Ashok Lav (born 13 April 1947) is a Hindi author and poet. Lav is the President of the Sarv Bhasha Trust, and the Delhi chapter of the International Hindi Association. He patrons the Age Well Association, and Rashtra Srijan Abhiyan, as well as being the chairman of the Spirituality Forum for Humanity; a spiritual humanitarian leadership group.

Lav has written over 160 academic and literary books, his latest being Nandita Abhinav(Novel-2025),'Ekantvas mein Zindagi' (Laghukatha Sangrah). His academic works are well received, with university students doing PhD and MPhil work surrounding his books -- Shikron Se Aage ( Novel ) and Ladkiyaan Chhoona Chahti Hain Aasmaan (a collection of poems).
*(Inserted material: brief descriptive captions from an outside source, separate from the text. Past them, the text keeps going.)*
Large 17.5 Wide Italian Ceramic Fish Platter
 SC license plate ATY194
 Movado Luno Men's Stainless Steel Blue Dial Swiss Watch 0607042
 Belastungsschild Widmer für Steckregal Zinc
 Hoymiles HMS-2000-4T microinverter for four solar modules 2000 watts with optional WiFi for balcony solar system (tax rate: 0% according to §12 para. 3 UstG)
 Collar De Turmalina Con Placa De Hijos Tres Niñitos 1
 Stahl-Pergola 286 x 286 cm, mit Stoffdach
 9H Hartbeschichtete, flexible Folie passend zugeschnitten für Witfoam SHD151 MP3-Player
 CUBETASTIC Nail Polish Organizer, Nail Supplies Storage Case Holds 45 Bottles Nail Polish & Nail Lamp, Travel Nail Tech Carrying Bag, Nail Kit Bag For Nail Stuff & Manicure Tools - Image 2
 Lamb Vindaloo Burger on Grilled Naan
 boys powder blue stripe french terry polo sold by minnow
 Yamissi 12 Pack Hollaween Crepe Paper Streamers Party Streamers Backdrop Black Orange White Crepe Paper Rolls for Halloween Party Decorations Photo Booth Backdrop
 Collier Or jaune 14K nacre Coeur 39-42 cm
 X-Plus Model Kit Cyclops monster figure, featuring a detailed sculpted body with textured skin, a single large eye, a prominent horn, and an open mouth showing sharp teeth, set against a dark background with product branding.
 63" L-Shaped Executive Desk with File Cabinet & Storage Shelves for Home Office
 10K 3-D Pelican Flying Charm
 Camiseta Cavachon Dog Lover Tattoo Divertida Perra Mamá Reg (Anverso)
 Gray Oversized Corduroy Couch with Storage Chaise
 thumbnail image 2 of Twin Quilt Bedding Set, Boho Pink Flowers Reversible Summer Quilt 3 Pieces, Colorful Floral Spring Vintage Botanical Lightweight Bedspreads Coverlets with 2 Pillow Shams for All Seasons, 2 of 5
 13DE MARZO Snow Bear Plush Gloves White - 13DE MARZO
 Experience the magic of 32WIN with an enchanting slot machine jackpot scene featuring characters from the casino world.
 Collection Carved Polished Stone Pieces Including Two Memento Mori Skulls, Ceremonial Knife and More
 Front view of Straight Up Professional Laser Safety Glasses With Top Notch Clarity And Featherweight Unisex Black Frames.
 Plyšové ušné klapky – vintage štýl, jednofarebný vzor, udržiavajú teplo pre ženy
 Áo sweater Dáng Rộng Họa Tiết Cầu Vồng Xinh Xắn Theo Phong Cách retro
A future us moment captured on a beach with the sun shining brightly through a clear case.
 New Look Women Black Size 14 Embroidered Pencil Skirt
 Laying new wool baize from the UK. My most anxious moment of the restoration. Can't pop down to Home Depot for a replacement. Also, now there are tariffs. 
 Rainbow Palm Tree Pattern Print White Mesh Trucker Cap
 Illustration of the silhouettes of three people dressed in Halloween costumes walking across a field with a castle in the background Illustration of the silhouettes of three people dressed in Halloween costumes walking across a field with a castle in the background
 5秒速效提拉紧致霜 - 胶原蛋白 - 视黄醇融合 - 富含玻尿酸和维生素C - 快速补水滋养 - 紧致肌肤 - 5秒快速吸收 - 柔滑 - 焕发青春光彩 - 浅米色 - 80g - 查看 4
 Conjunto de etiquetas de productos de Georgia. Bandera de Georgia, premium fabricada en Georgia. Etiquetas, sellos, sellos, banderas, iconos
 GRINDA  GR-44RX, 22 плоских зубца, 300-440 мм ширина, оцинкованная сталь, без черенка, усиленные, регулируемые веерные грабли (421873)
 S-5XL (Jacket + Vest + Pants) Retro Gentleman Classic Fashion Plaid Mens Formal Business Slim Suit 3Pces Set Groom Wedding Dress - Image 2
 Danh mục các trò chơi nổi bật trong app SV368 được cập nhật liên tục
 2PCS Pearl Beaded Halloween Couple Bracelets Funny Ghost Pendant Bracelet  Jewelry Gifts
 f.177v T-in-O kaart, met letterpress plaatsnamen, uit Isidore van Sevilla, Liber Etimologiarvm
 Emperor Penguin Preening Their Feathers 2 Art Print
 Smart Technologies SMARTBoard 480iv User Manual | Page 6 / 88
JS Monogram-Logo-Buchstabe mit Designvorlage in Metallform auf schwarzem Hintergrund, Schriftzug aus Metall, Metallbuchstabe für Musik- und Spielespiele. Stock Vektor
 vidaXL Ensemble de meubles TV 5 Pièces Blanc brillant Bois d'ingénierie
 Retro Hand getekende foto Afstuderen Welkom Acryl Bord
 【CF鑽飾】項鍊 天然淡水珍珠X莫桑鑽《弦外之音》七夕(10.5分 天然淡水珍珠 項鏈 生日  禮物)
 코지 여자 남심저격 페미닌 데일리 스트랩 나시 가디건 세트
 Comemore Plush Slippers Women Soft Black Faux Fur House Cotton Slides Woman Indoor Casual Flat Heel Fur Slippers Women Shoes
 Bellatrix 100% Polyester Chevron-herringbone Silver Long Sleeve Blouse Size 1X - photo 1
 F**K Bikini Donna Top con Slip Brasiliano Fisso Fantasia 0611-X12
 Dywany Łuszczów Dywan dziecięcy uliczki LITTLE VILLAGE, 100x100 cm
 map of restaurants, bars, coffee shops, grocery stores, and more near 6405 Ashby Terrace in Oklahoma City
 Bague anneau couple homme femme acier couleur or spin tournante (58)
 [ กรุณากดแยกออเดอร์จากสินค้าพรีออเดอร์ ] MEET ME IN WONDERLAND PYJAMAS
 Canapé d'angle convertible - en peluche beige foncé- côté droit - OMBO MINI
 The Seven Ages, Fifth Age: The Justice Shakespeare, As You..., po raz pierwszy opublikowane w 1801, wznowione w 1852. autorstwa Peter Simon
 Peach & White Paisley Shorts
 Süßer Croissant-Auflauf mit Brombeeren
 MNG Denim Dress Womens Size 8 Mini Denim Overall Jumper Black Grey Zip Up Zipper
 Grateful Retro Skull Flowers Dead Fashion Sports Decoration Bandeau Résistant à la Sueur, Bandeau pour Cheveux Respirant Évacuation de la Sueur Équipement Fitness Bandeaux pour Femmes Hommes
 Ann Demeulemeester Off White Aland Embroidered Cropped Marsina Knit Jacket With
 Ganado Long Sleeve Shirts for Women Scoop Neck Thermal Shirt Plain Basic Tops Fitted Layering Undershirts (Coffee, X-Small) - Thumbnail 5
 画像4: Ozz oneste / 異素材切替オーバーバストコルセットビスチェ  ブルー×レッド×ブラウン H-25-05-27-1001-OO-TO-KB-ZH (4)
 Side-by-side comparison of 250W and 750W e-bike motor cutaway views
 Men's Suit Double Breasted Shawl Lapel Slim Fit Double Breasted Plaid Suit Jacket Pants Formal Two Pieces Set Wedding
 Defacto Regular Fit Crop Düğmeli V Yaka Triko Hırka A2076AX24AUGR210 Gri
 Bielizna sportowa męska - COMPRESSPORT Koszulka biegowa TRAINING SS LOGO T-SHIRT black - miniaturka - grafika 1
Lav has also edited some of his books, along with translating other non-self publications.
- Nandita Abhinav (Upnyas) published in 2025 was released on 20th July 2025

==Works and honours==
A recipient of numerous awards related to Hindi literature, including the Lifetime Achievement Award by Sarv Bhasha Trust on 20th July 2025, Life Time Achievement Award by General Mohyal Sabha and Sahitya Sabha Kaithal, Manav Seva Samman, and Eklavya award, his more well known works include:

- Shikhron Se Aage (novel- literally, "Beyond peaks")
- Anubhootiyon Kee Aahaten (collection of poems, literally, "The approaching footsteps of sensations")
- LarhkiyaAn Choonaa ChaAhtee Hain Aasmaan (collections of poems- literally, "Girls want to touch the sky")
- Phulvaree (songs for children- literally, "A garden of flowers")
- Band Darvaazon Par Dastaken (short stories- literally, "Knocking on locked doors")
- Salaam Dilli (short stories- literally, "A salute to Delhi")
- Pathron Se Bandhe Pankh (short stories- literally, "Feathers tied to stones")
- Khidkiyon Par Tange Log (short stories(ed)-literally,"People Looking from Windows"
- Papa ji kee Rail
- Icecream Ke Badal
- Barse Badal Jhama Jham
- Valmiki Ramayan *Mahabharata *Budhcharit Education.

His book Hindi ke Pratinidhi Saahityakaaron Se Saakshaatkaar, a collection of interviews with writers representative of Hindi literature, was released by the Vice President of India, Dr. Shankar Dayal Sharma on 9 February 1990.

He has been honored with the Life Time Achievement Awards by GMS and BBMI, as well as Vidya Sagar, Vidyavachspati, Kabir Samman, Bhartendu Harishchandra Samman, Mohyal Gaurav and more. About 70 organizations thus far have commended him for his contributions in literary, social and educational fields.